I've used it 3 times and did not get any pings.


----------



## yojimboguy (Mar 2, 2016)

IERide said:


> I guess we don't all have this option..


Seems to be the case with me too. That "tutorial" shows the battery shaped icon to press next to the "go offline" text. I don't see that battery icon until after I've been pinged and accepted a ride. I've looked around elsewhere for how to choose my direction, because I'd heard about it before and it seemed useful, but I haven't found anything. Really would have been nice after I drove someone 70 miles from Madison to Milwaukee and was looking for a passenger who was going back westward.


----------



## Vitticeps (Nov 8, 2015)

I've been using it for the last week or two. It appears to work reasonably well with the caveat that you'll miss out on pings that don't match up with your set destination so you may wait longer for pings.

I try to do as many airport trips as I can so now that this option is available, I set the destination to DFW airport and go online. Sometimes I get pings for passengers going directly to the airport but usually I get pings for people going in that direction (I live about 20 miles from the airport). 

You can only use it twice a day. However, if the first trip in the direction of your destination only takes you part way there, when you drop them off it will continue to look for trips that go in the direction of your destination. It will keep doing this until you reach your destination or you turn it off.

If you turn it off before you accept any pings, you can still use it 2 times that day. If you turn it off or go offline after you accept a ping while a destination is set, then that will count as one use for the day even if it only took you a fraction of the way there or you cancelled the trip. 

In my limited experience, if I set a destination that is popular (airport, entertainment districts, etc) I usually get pings in that direction relatively quickly. If I set my destination to my home, I usually have a long wait to get a ping.

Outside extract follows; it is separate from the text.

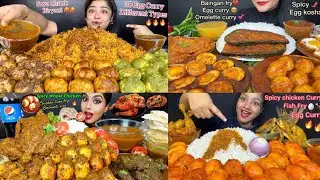 ASMR; EATING SPICY EGG CURRY, EGG POACHED, CHICKEN CURRY 🔥 RICE CHALLENGE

So, my strategy lately has been: set destination to airport, take trips till I get there, wait for an airport pickup trip, drop off that fare, set destination back to airport. It's worked well for me the last couple of weeks.


----------



## Fireguy50 (Nov 23, 2015)

I didn't have the option today, it would have helped a 65 mile empty return. Did this feature get removed in the last update? I know they've limited or removed the last ride of the day option to force stacked rides! 
Where are these features at when a driver needs them?


----------



## Uber48208 (May 4, 2016)

Fireguy50 The last ride and destination still show up here in Detroit. It's a market-by-market set of features. Destination doesn't work for me when I'm in Ann Arbor... Cross Michigan and Willow Run Airport, close app out and turn it back on and destination is there again.


----------



## Fireguy50 (Nov 23, 2015)

Uber48208 said:


> Fireguy50 The last ride and destination still show up here in Detroit. It's a market-by-market set of features. Destination doesn't work for me when I'm in Ann Arbor... Cross Michigan and Willow Run Airport, close app out and turn it back on and destination is there again.

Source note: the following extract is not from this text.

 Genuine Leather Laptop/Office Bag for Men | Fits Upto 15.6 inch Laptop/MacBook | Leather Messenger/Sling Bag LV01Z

Thanks, I was pissed. I accepted it could be a dead end trip, but was hoping to at least try an get the guaranteed money for the ride home. As I'm dropping off, I'm getting 3 or 4 pings of 3.2X surge rates in Grand Rapids. But I'm sure they are locals and I let them time out. I kept looking for the destination selection to head back east, but no. I'll be sending Uber another email once I get paid. Can't send a payment complaint until after getting paid. I Already complained about the trip, no response.


----------



## Fireguy50 (Nov 23, 2015)

So I don't have the clipboard icon anymore, to stop accepting requests or set a final destination?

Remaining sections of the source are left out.